Self-care takes a lot of forms. Like yoga, dance, flow practices, or martial arts, self-care has so many varied forms and combinations of supportive practices, it would seem possible that any one of us could assemble a system of practices that work ideally well for this one particular singular unique human primate that we are… It’s a damned big menu, though, and the variety itself can overwhelm and confuse. One thing at a time then? Why not? Pick up a practice. Practice it “awhile” – days, weeks, months, whatever it takes to determine with reliable certainty whether it is “for you” – let it go, if it isn’t. Keep it up, if it is. Either way, there’s no avoiding those verbs. We become what we practice. Incremental change over time can be so damned slow, but… it does happen. With practice. With repetition. With study. Each day a new beginning, and ample opportunity to fail, to be mistaken, to get it wrong, to re-do something, to try again – to become the human being we most want to be.

There are no short cuts.

It’s time. Make the most of the opportunity. ❤

Is it becoming more common to be less specific? I understand the general concept of “vague-booking”; we post a generalization of our experience in order to share an emotional experience without creating drama for ourselves or some specific other individual. I mean, I think generally our intention there is good, but… the meta message we end up communicating is incredibly easy to agree with… even if we are, in fact, entirely in the wrong in the context of our circumstances and decision-making. More than once, I have found, after-the-fact, that I’ve appeared to “agree with” something fairly terrible, when actually, I had no idea what had actually gone on… I only read the vague post about it, which, lacking context, seemed easy to agree with. Awkward.

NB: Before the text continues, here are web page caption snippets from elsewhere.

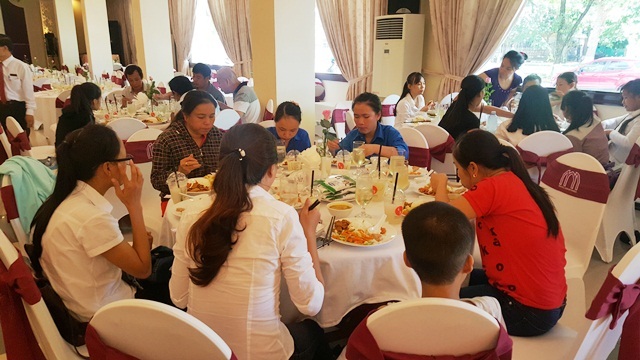 Khách sạn 4 sao mở cửa đón thí sinh, phụ huynh vào ăn cơm miễn phí - 2 Hàng trăm thí sinh và người nhà ăn trưa miễn phí theo phong cách hạng sang ở khách sạn Saigon Morin Huế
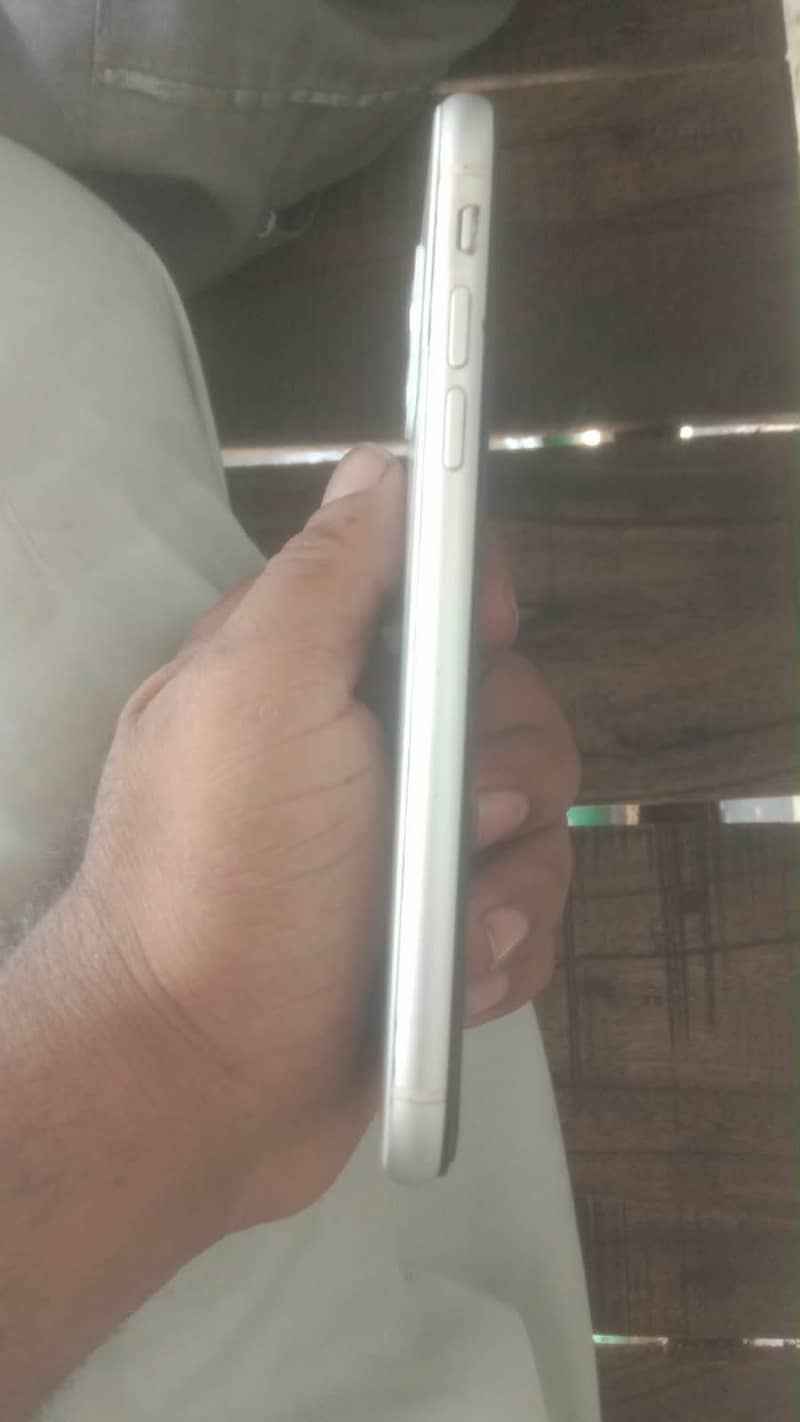 Apple iPhone 11 5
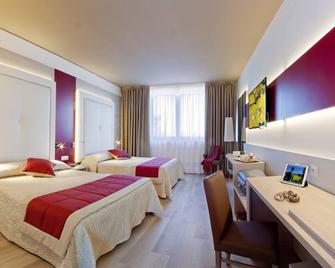 Hotel Victoria - Vicenza - Bedroom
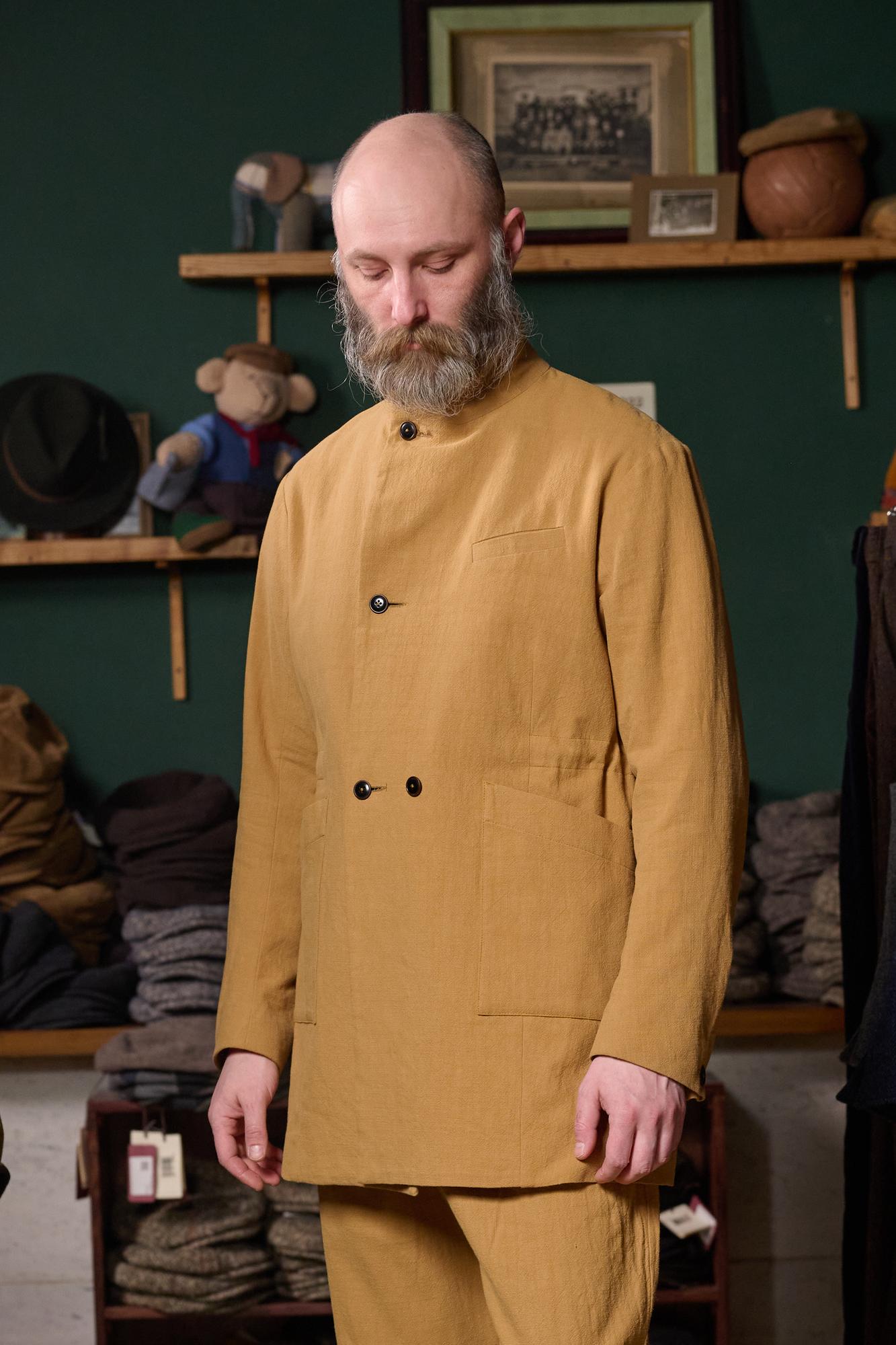 Двубортный пиджак из вареной крапивы песочного цвета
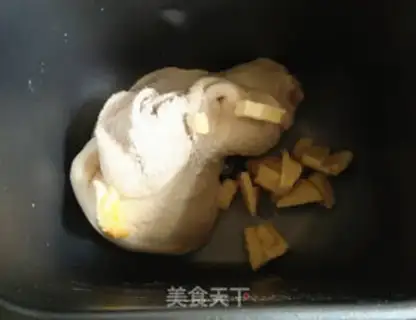 Make raisin coconuts, thousands of layers of toast step 4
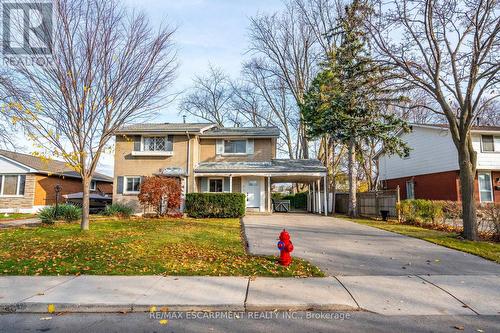 47 Bobolink Road, Hamilton, ON - Outdoor With Facade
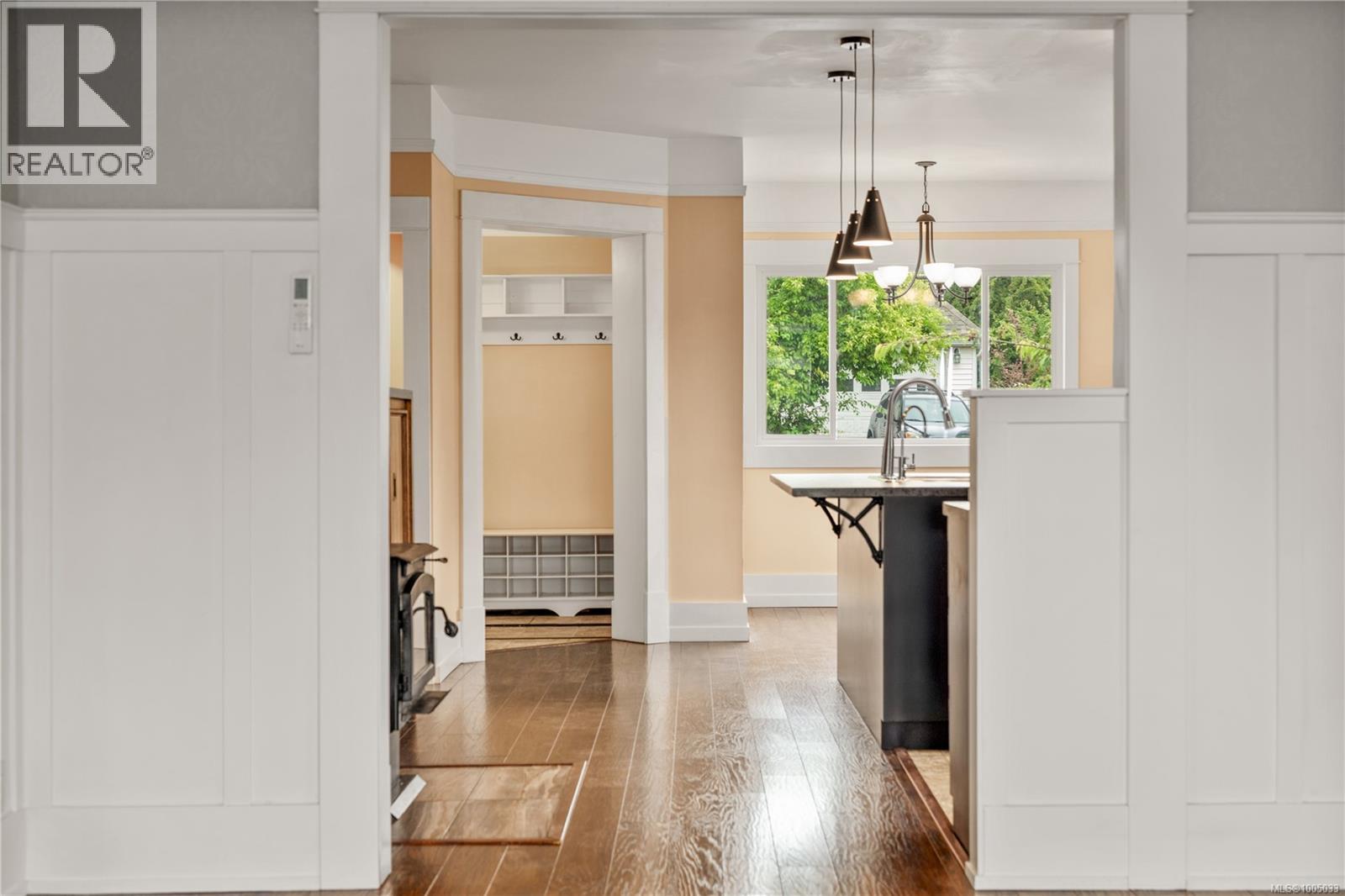 Property at 492 Machleary St image 4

…On the other hand, I also dislike drama, and tend to do some vague-booking chasing down the meta-learning available to me in every day experiences. 🙂 There’s a balance that I look for, and I hope (and attempt) not to be “agreed with” in error by people I know would object, if only they knew what was “really going on”. See, there’s the thing, right? If I’ve been so vague that it is not possible at all to ascertain what is “really going on”, then my vague-booking could actually be misleading to the point of deception, and that’s not at all what I’m about as a human being. So. There’s that.

This is where my morning begins. Thoughts about vague-booking over coffee. 🙂

The semantic and logical distance one must cover to get from “vague-booking” to this blog isn’t really very far. I use my real actual life to “sort myself out”, finding meta messages and simple learning in even some fairly complex nuanced circumstances. Sometimes that requires a bit of over-simplification. Sometimes, kind of a lot actually, I have to “sanitize” the details to avoid hurting someone’s feelings, or undermining their individual privacy (or mine) – vague happens. Vague is a craft. The point is not to mislead, but to craft a sharable narrative that illustrates a point, supports a useful practice, offers perspective or reassurance, or even merely entertains; the mundane details would often get in the way of one or more of those goals, and may even be irrelevant.

Being skillfully vague sometimes allows me to understand circumstances more easily without feeling as hurt by them. That’s also a thing. 🙂

I’m admittedly uncomfortable when I see vague-booking used to amass allies to a cause or to seek agreement with an opinion or “side” of things, though, because the lack of specificity in that instance can create false alliances so easily, or result in a feeling of betrayal once people understand more about what they’ve agreed to, or with. It’s an emotional dirty trick to use vague-booking specifically to “sound like the good guy”, in the face of strong evidence that indeed you may be the bad guy. Just saying. Approval-seeking behavior from super-villains isn’t something to encourage. It’s pretty easy, though, to get our friends – particularly far away friends – to agree we’ve been treated terribly, if they never actually know the context, the origin, the circumstances, or the participants, and only ever read how hurt we are, separated from our own actions, and the details of the experience.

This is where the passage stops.